- 6 years ago
- Wedding: June 2012
I was wondering what you think about this situation and what I should say (calmly) to my sister in response. Here’s my story.
A while back about 6 months before my wedding (My wedding June 29,2012) my best friend backed out as my maid of honor because she couldn’t afford her dress and got engaged herself. Before she had backed out my sister made it very clear to me that she was offended with my choice. She said the maid of honor is reserved for the sister. We aren’t very close though. After my friend backed out I asked my sister if she would be maid of honor instead. Everything was fine up until Monday morning when I texted her to see about her dress for the wedding.
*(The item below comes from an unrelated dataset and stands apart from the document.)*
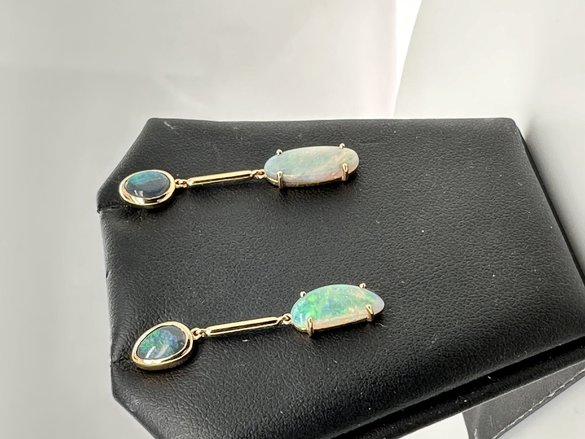 Gold Earrings with Black and grey opals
I texted her not only to ask about her dress but also to tell her to call my cousin-in-law as they were both planning my bacheleorette party and my cousin had been trying to get a hold of her and wasn’t getting a response. Because it’s getting so close to the wedding my cousin had to call me and ask me what I wanted as far as dates, theme, etc because my sister wasn’t returning her calls and she needed to plan a.s.a.p. Before I could tell my sister to call my cousin she got all pissed off and told me that I’m swapping family roles for friends, next thing she’s know’s I’ll make my cousin maid of honor instead, thanks for cutting me out of the bachelorette party. Have fun. So I took that to mean that she wanted out of everything including the wedding. So I told her if she didn’t want to go to let me know so I can use that meal for someone else and I also told her I didn’t cut her out of anything, we just could get a hold of her and needed to have a plan. She then told me she never said she wasn’t going.
I’m so lost here. I guess she was offended from day one when I made her my replacement Maid/Matron of Honor but if she felt that way she should of just told me then. I’m thinking of just not having an Maid/Matron of Honor eventhough there is another person I know who would be willing to do it. I had already done away with the bridesmaids due to complaining about dresses and colors and my sister was one of the original bridesmaids. The bad part about all this is I’m 3 weeks away from my wedding and I don’t live in the location where my wedding is at so I’m going this Saturday to stay with family and she will be there. I don’t know what to say to her and we are not currently on speaking terms because of this. Any suggestions?
What I have planned to say is “I didn’t know you felt this way about taking over the Maid/Matron of Honor postition after someone backed out and now that I know this, I don’t feel right about you participating in something you don’t want to do.” If you don’t really feel this way then I’m going to ask you not to complain.” How does this sound?